Founded in 2010 in Salé and spread across 17 hectares, the academy hosts 121 boys aged 12 to 18, drawn from cities, rural areas and the disputed Western Sahara.

Head of recruitment Tarik El Khazri travels nationwide to identify prospects as young as six through a network of local scouting cells.

 Around 90 percent of recruits come from low-income families, and the academy covers all needs, which includes meals, housing, schooling and medical care – supported partly by funding from King Mohammed VI.

Daily life at the academy blends intensive football training with full academic coursework. Players rise at 7am, attend classes, train twice a day and complete evening study sessions.

Despite distractions during major national team matches, the academy has maintained a 100-percent high school graduation rate for the past decade.

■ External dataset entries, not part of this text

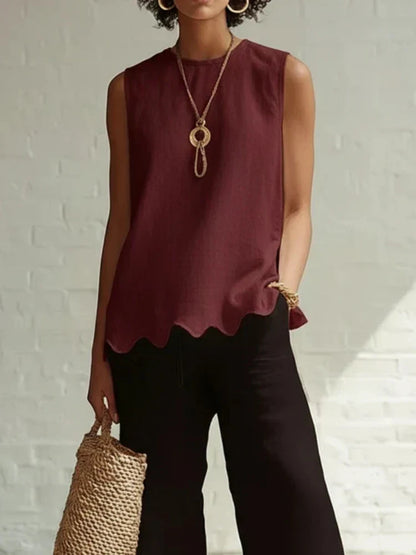Dorothea | Sleeveless Linen-Style Top with Scallop Hem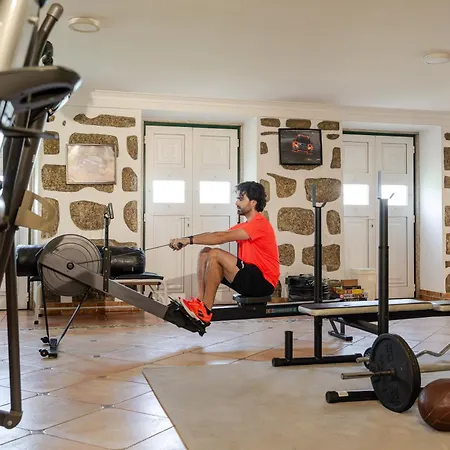 Hostwise - Modern & Shared Pool In Paredes アパート *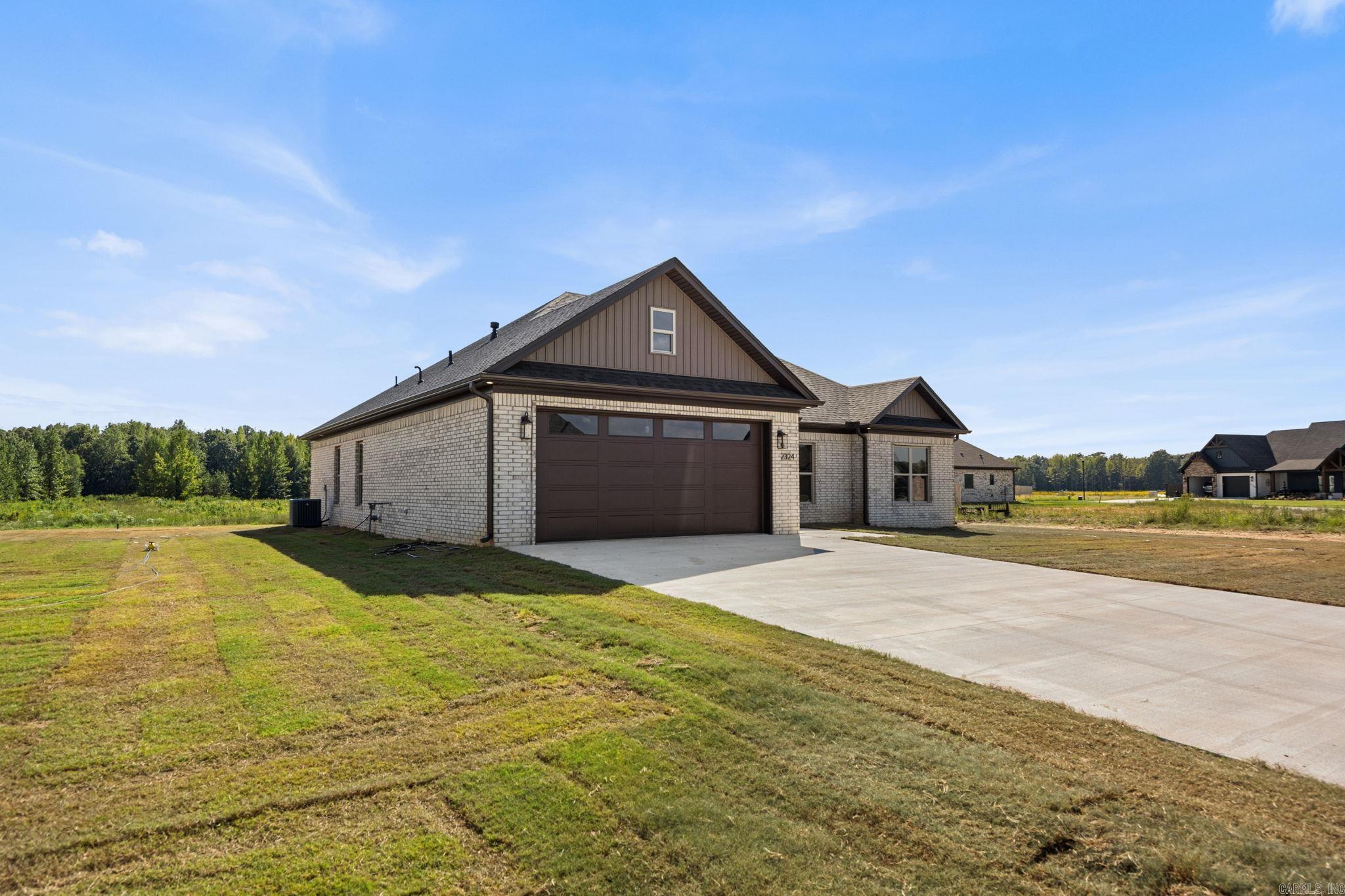 2324 Lakewood Circle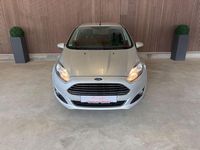 Gebraucht Ford Fiesta SYNC Edition 75 PS (55 kW) 2015 Silber Kleinwagen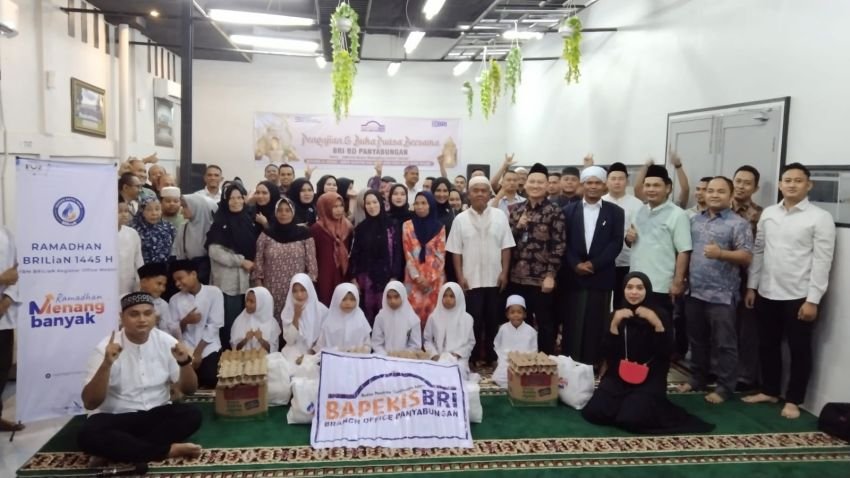 Gelar Buka Puasa Bersama, BRI Panyabungan Berbagi Kasih Dengan Anak Yatim dan Dhuafa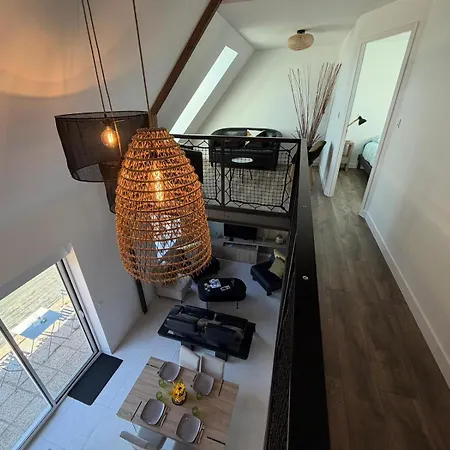 بيت للعطل Sel Et Vent Maison Entierement Renovee Belle Terrasse, Jardin Clos, Parking Privatif 150 M De La 5 Mn A Pied Tous Commerces Pres De Bayeux, Arromanches Au Coeur Des Plages Du Debarquement *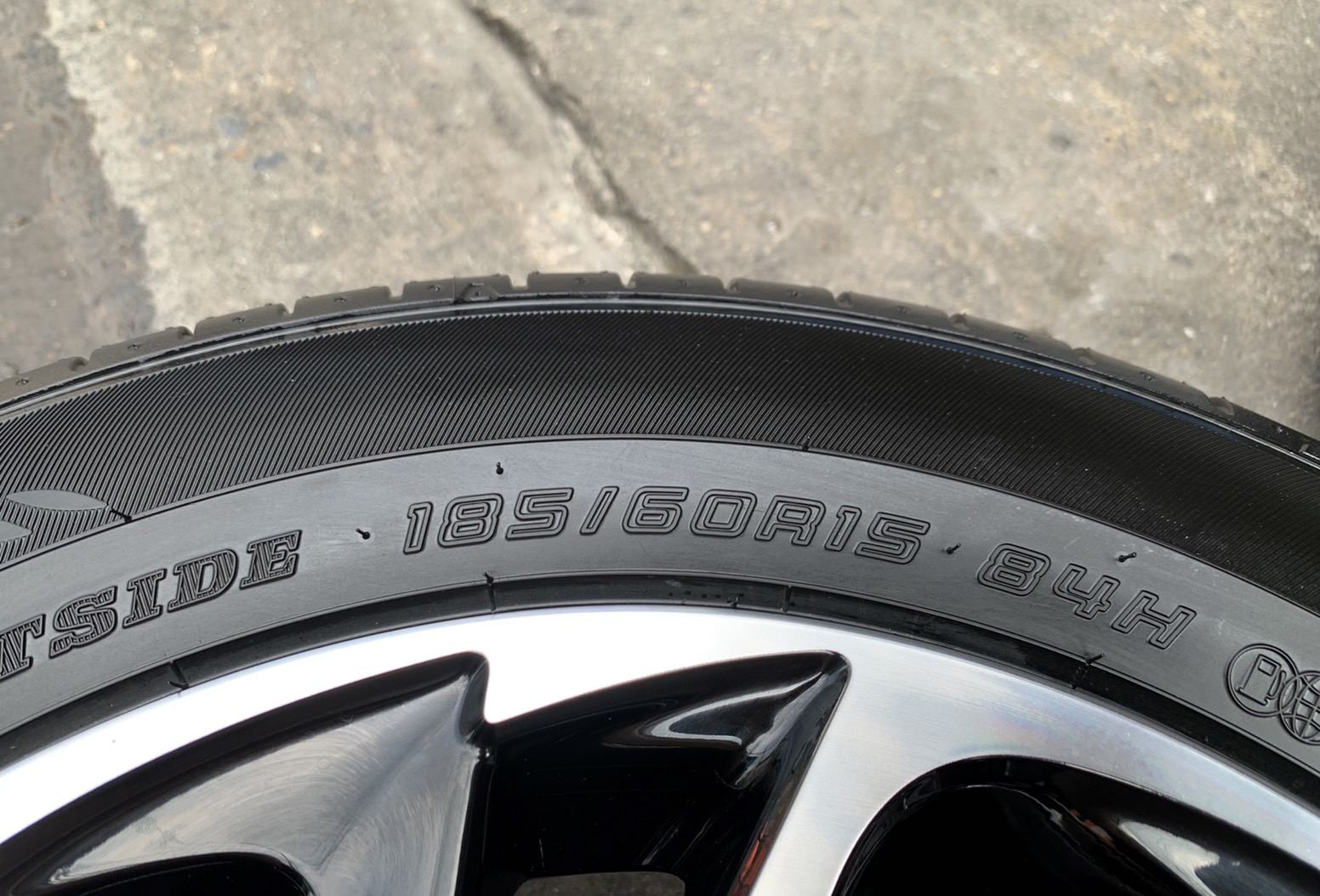 ล้อแม็กป้ายแดง Toyota Yaris Sport รุ่นใหม่ล่าสุด ขอบ 15 สีดำหน้าเงา พร้อมยางใหม่ป้ายแดง 185-60-15 Dunlop ปลายปี 21 ใหม่ยกห้าง ถอดจากโชว์รูม ล้อแม็กป้ายแดง Toyota Yaris Sport รุ่นใหม่ล่าสุด ขอบ 15 สีดำหน้าเงา พร้อมยางใหม่ป้ายแดง 185-60-15 Dunlop ปลายปี 21 ใหม่ยกห้าง ถอดจากโชว์รูม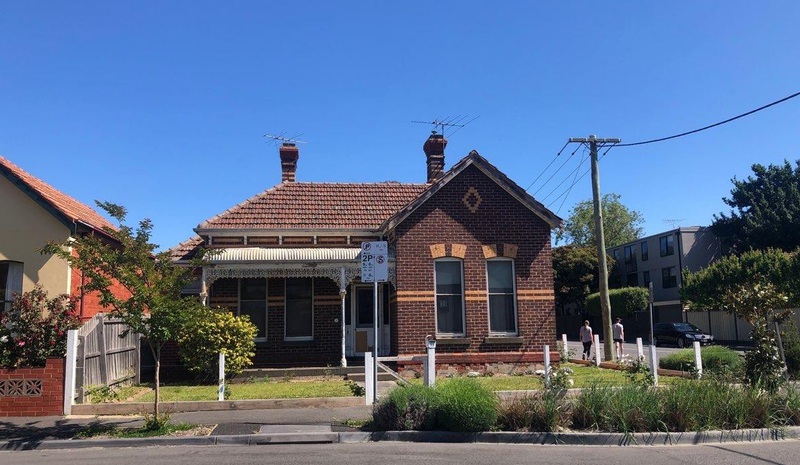 33 Llaneast Street, Armadale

Education chief Abderrazak El Rhomari says this is crucial, noting that “one injury can end a career”.

The academy’s football output is equally notable. It helped shape striker Youssef En-Nesyri, a standout in Morocco’s historic 2022 World Cup run, and has produced 26 players for the Moroccan top flight, with about 30 now in Europe. At least five academy graduates are seen as contenders for the 2026 World Cup squad.

Its impact was underscored last month when Morocco’s Under-20 team won the World Cup in Chile — the first Arab nation to do so — with academy product Yassir Zabiri finishing as joint top scorer.